La journée d’études propose notamment plusieurs axes de réflexion pour mieux cerner la figure de la veuve dans les arts non seulement en France, mais aussi en Europe :

  • L’image de la veuve au travers des différents portraits qui en sont faits, relevant leur pouvoir politique, économique, intellectuel, moral. Le portrait est-il réservé aux seules femmes d’influence ou ayant eu des maris célèbres ? Peut-il aussi dépeindre des femmes de la bourgeoisie, du peuple ?
  • La représentation de la veuve dans le cadre de la peinture d’histoire et de la peinture de genre : la veuve est-elle la figure principale ou secondaire de ces peintures ? Au travers de celles-ci quelles sont les caractéristiques psychologiques qui sont le plus souvent sollicitées ? Ces descriptions rendent-elles compte d’une identité spécifique à la veuve ?
  • La destination de l’image de la veuve dans les arts de l’Ancien Régime : ces représentations sont-elles davantage réservées au cercle restreint de la famille ou sont-elles diffusées dans un environnement plus large et pourquoi ?
  • Au-delà des représentations de veuves, une attention spécifique sera réservée aux artistes veuves ainsi qu’aux veuves d’artistes.
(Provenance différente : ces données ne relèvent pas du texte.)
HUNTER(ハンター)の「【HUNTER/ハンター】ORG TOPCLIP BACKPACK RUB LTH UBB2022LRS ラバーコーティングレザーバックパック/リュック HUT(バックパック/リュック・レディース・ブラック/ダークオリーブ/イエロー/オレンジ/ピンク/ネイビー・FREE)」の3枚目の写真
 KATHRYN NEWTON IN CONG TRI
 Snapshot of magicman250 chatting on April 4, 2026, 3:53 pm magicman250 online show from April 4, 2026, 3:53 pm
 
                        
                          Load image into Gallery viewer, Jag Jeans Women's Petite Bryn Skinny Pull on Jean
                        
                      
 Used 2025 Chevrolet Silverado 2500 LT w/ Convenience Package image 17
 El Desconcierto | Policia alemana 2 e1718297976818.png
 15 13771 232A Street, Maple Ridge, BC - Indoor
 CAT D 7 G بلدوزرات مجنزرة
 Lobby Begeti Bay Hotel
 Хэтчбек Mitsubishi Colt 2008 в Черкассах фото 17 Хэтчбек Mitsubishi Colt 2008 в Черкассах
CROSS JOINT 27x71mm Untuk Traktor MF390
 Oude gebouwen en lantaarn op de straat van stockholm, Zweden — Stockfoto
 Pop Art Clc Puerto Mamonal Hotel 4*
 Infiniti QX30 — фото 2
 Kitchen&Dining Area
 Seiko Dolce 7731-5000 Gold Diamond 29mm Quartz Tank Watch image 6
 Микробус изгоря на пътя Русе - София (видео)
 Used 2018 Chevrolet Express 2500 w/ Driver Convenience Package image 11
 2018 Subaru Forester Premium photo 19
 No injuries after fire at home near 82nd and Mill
Quelle est leur place dans la société ? Quel rôle jouent-elles dans la conservation du patrimoine artistique de leur mari ?
  • Enfin, sous l’angle de la culture matérielle, les vêtements et accessoires, signes extérieurs du deuil portés par les veuves, témoignent-ils de codes imposés constants ou, au contraire, d’une évolution non seulement de la mode, mais aussi de la manière de se faire représenter ?

Les propositions de communication en français ou en anglais, d’une page d’environ 500 mots, pourront prendre la forme de propos généraux ou d’études de cas. Les candidats sont invités à y joindre un curriculum vitae.

Date limite d’envoi des propositions : 15 mars 2021.

Envoi des propositions et contact : asso.grham@gmail.com

Cette journée sera organisée par le GRHAM avec le soutien de l’École doctorale d’Histoire de l’art de l’université Paris 1 Panthéon-Sorbonne (ED 441) et de l’HiCSA (EA 4100).


[1] Antoine FURETIÈRE, Dictionnaire universel contenant généralement tous les mots françois tant vieux que modernes, & les Termes des Sciences & des Arts, La Haye, Rotterdam, Arnoud et Reinier Leers, 1701, t. III, Art. « Veuf, Veuve ».

[2] Dictionnaire universel François et latin, vulgairement appelé Dictionnaire de Trévoux., Paris, Delaune, 1743, t. VI, Art. « Veuf, Veuve ».

[3] FURETIÈRE, Dictionnaireop. cit., Art. « Soustraire ».

[4] Françoise FORTUNET, « Veuves de guerre à l’époque révolutionnaire », PELLEGRIN, Nicole, WINN, Colette H. (dir.), Veufs, veuves et veuvage dans la France d’Ancien Régime, Paris, Champion, 2004, p. 138-139 : « On a noté depuis longtemps que le statut de veuve était le plus favorable que pût connaître une femme dans notre ancienne société, parce qu’elle y trouvait une liberté qu’ignoraient les filles et les épouses. On le savait en principe, mais les exemples vivants sont d’un autre pouvoir ».

[5] Jean de LA FONTAINE, Fables choisies mises en vers, Lyon, Sarrazin, 1696 (1668), p. 140, Fable CXXIV : « La perte d’un époux ne va point sans soupirs//On fait beaucoup de bruit, et puis on se console ».